# Work to be completed:
Output all of the data exactly, keeping any images out of the copy.
Recorded data Start Marker
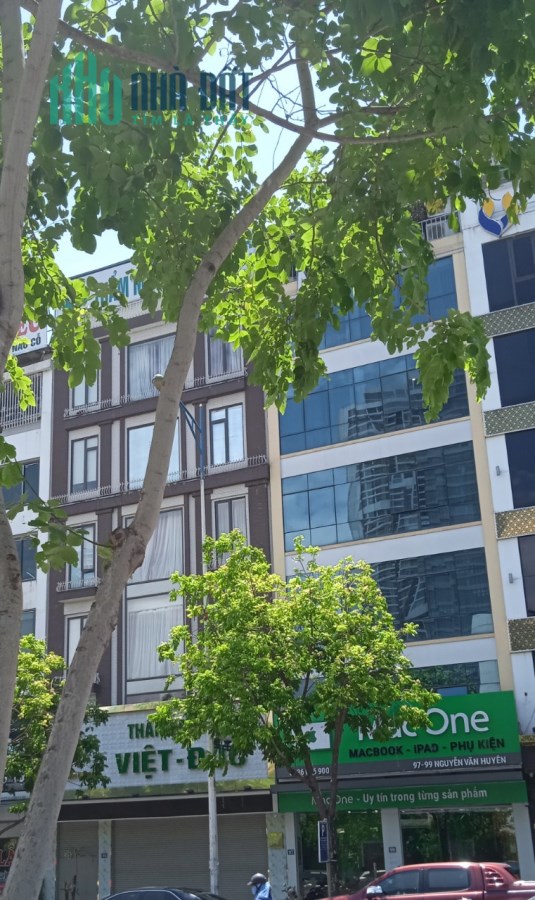 CẦN BÁN  MẶT PHỐ CẦU GIẤY - 65M2 X 6 TẦNG – MỚI - GIÁ 25 TỶ - VỈA HÈ CÂY XANH- OTO ĐỖ, TRÁNH.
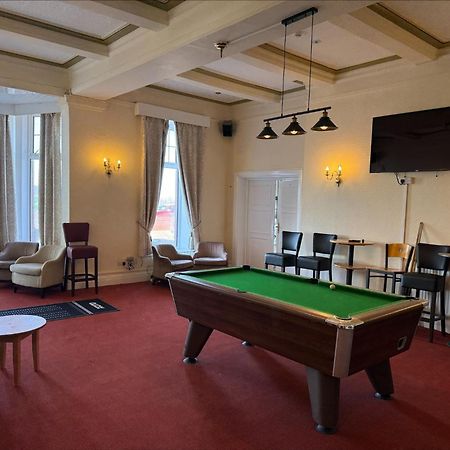 The Savoy Hotel (Adults Only) Блекпул Екстериор снимка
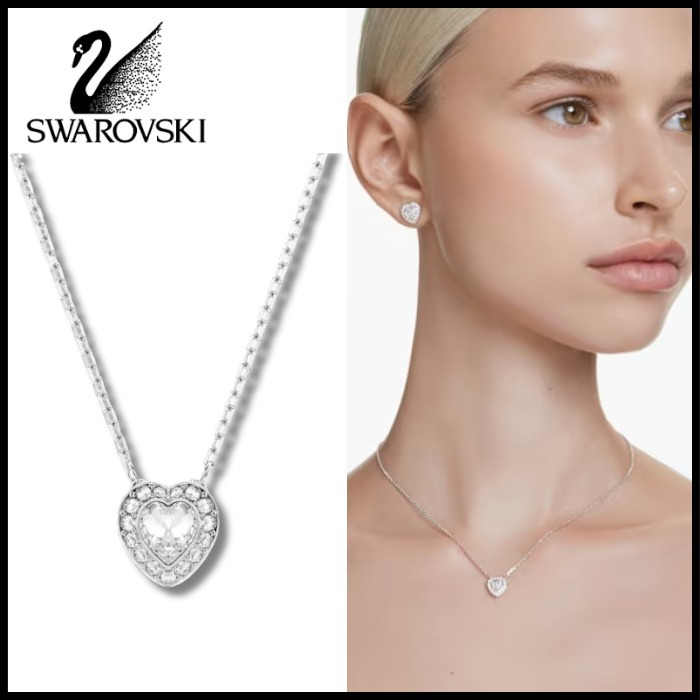 【すぐにお届け！】SWAROVSKI Ariana Grande ペンダント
Recorded data End Marker
# Exercise result:
 CẦN BÁN  MẶT PHỐ CẦU GIẤY - 65M2 X 6 TẦNG – MỚI - GIÁ 25 TỶ - VỈA HÈ CÂY XANH- OTO ĐỖ, TRÁNH.
 The Savoy Hotel (Adults Only) Блекпул Екстериор снимка
 【すぐにお届け！】SWAROVSKI Ariana Grande ペンダント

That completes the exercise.